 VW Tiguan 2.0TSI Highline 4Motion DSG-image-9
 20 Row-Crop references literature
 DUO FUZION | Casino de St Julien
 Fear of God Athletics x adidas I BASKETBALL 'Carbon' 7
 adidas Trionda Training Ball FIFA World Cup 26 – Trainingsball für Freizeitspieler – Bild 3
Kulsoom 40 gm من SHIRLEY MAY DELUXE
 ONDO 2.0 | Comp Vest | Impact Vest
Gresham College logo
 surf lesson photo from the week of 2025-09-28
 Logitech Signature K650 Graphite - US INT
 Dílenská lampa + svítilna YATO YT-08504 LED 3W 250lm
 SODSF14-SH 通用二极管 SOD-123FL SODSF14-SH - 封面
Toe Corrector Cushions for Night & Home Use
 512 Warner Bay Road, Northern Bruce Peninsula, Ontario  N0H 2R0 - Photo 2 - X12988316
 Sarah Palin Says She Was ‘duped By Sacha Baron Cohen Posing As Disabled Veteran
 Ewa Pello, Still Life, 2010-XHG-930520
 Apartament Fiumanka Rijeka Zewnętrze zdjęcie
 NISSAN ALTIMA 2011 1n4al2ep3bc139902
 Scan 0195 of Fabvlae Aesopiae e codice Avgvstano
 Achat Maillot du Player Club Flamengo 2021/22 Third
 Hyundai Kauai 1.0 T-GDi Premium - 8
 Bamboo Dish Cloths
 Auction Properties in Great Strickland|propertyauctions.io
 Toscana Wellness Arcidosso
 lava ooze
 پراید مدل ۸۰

□ □ □ □

PROBLEM TO SOLVE
Print only these lines, please. They run from the start of the entries above to the line containing "Toe Corrector Cushions for Night & Home Use", both ends included, and must match exactly.

EXERCISE RESULT
 VW Tiguan 2.0TSI Highline 4Motion DSG-image-9
 20 Row-Crop references literature
 DUO FUZION | Casino de St Julien
 Fear of God Athletics x adidas I BASKETBALL 'Carbon' 7
 adidas Trionda Training Ball FIFA World Cup 26 – Trainingsball für Freizeitspieler – Bild 3
Kulsoom 40 gm من SHIRLEY MAY DELUXE
 ONDO 2.0 | Comp Vest | Impact Vest
Gresham College logo
 surf lesson photo from the week of 2025-09-28
 Logitech Signature K650 Graphite - US INT
 Dílenská lampa + svítilna YATO YT-08504 LED 3W 250lm
 SODSF14-SH 通用二极管 SOD-123FL SODSF14-SH - 封面
Toe Corrector Cushions for Night & Home Use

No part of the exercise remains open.